Is DoJ lying about notifying Fox News of Rosen subpoena?

Unless you think that the chief legal counsel for one of the largest media conglomerates in the world is an incompetent boob, the Department of Justice is lying about notifying News Corporation, parent company of Fox News, about the James Rosen subpoena that allowed DoJ to seize the reporter's comminications.

New York Times:

A Fox News executive said the channel had never heard of the Justice Department investigation and had no knowledge of New Corporation ever being notified. A News Corporation spokesman said Sunday that the company was looking into the matter of notification. "While we don't take issue with the D.O.J.'s account that they sent a notice to News Corp., we do not have a record of ever having received it," Nathaniel Brown, the spokesman, said.

Last week, The Washington Post obtained an affidavit that described Mr. Rosen (without naming him) as "at the very least, either as an aider, abettor and/or co-conspirator." The investigation relates to a 2009 article Mr. Rosen published on FoxNews.com that quoted a source describing missile activity in North Korea.

In e-mail to employees on Thursday, Roger Ailes, chairman and chief executive of Fox News, rejected the validity of the investigation. "We will not allow a climate of press intimidation, unseen since the McCarthy era, to frighten any of us away from the truth," Mr. Ailes said.

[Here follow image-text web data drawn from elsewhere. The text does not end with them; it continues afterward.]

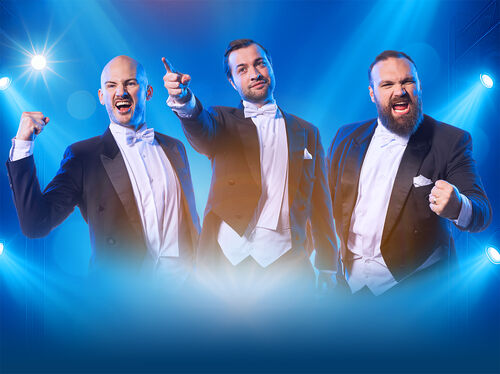 The Diamond Baritones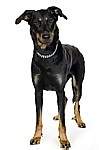 Beauceron puppies for sale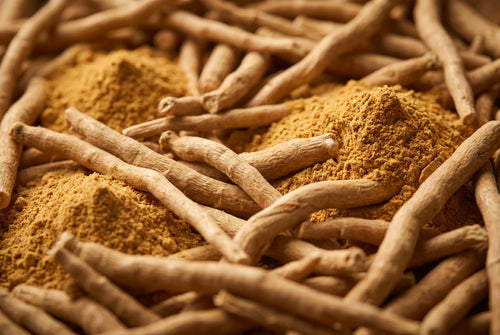 KSM-66 ashwagandha root ingredient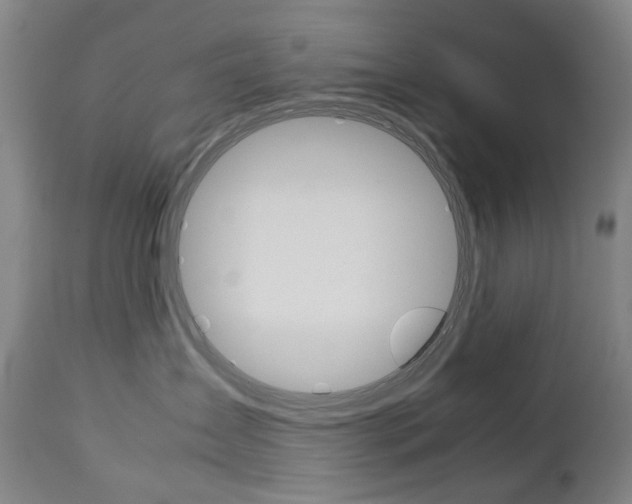 X0000113140431200909041001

Lawrence A. Jacobs, who was News Corporation's chief legal officer until he left in June 2011, said he never saw a notification about the phone records.

"I would have remembered getting a fax from the Justice Department," Mr. Jacobs said in an interview Sunday. "These are not the kinds of things that happen every day."

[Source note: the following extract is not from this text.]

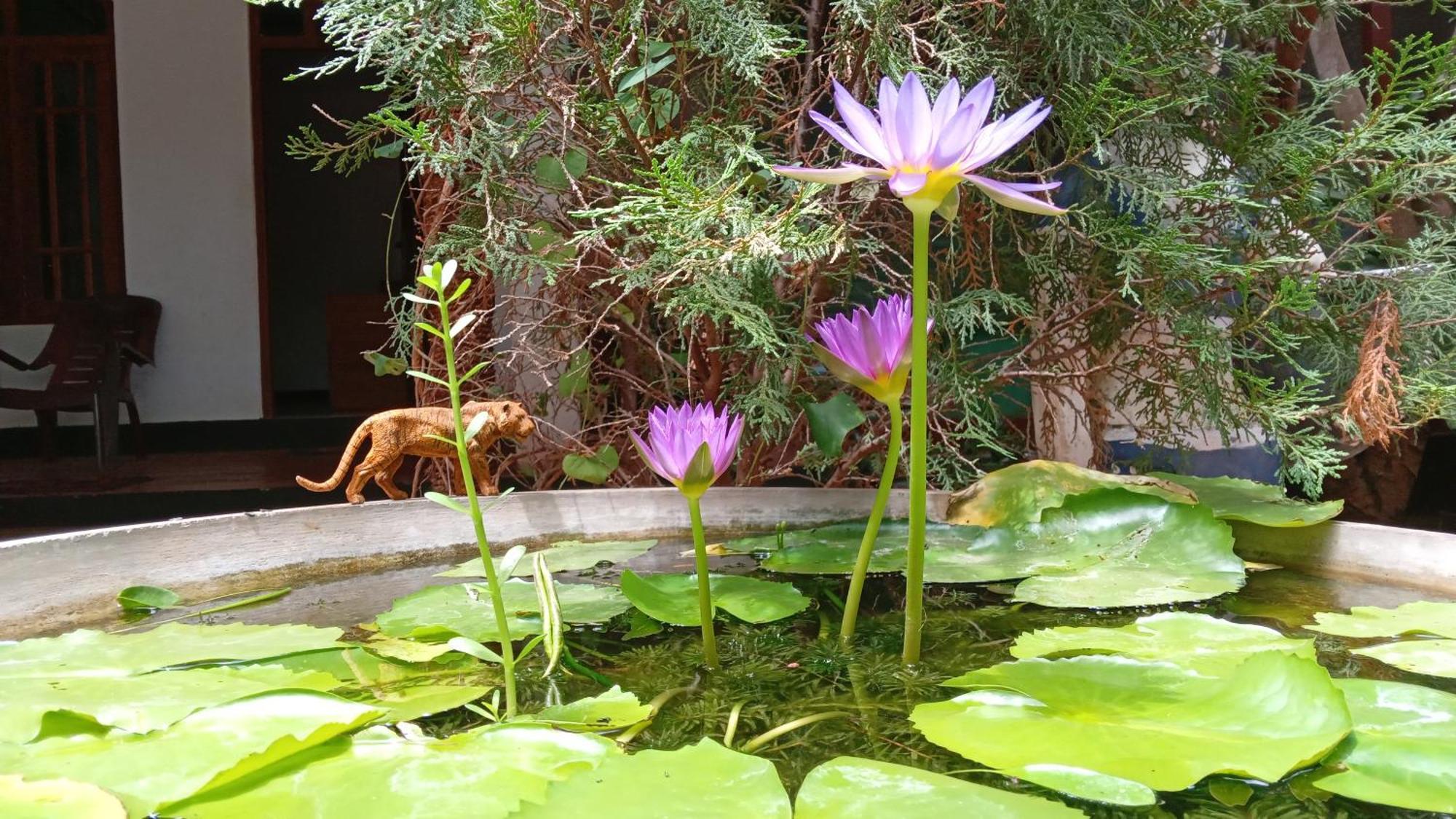 The King'S Garden Resort Dambulla Dış mekan fotoğraf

He added, "The first thing I would've done would be to call Roger Ailes."

News Corporation said it had conducted a thorough search of its legal records, including, Mr. Jacobs said, a scan of his e-mails and other relevant materials, and has found nothing related to the investigation. "The inference that I sat on this and didn't share it with Roger couldn't be further from the truth," Mr. Jacobs said.

Eric Holder personally signed off on the Rosen investigation (after swearing to Congress he had nothing to do with either the AP or Rosen cases) so the question of notification takes on a whole new meaning. In the pre-election environment, DoJ lawyers bamboozeld a judge into keeping the indictment of Rosen quiet by telling him that Rosen was a flight risk. Perhaps they "forgot" to notify Fox News of the subpoena also. More likely, they will claim some technical snafu is at fault ("The dog ate our email.")

Senator Tom Coburn said yesterday on Face the Nation that "You can't investigate yourself," referring to Holder being charge of looking into the AP scandal. Given this new information, it may be the only way to keep a lid on further lawbreaking by DoJ coming to light.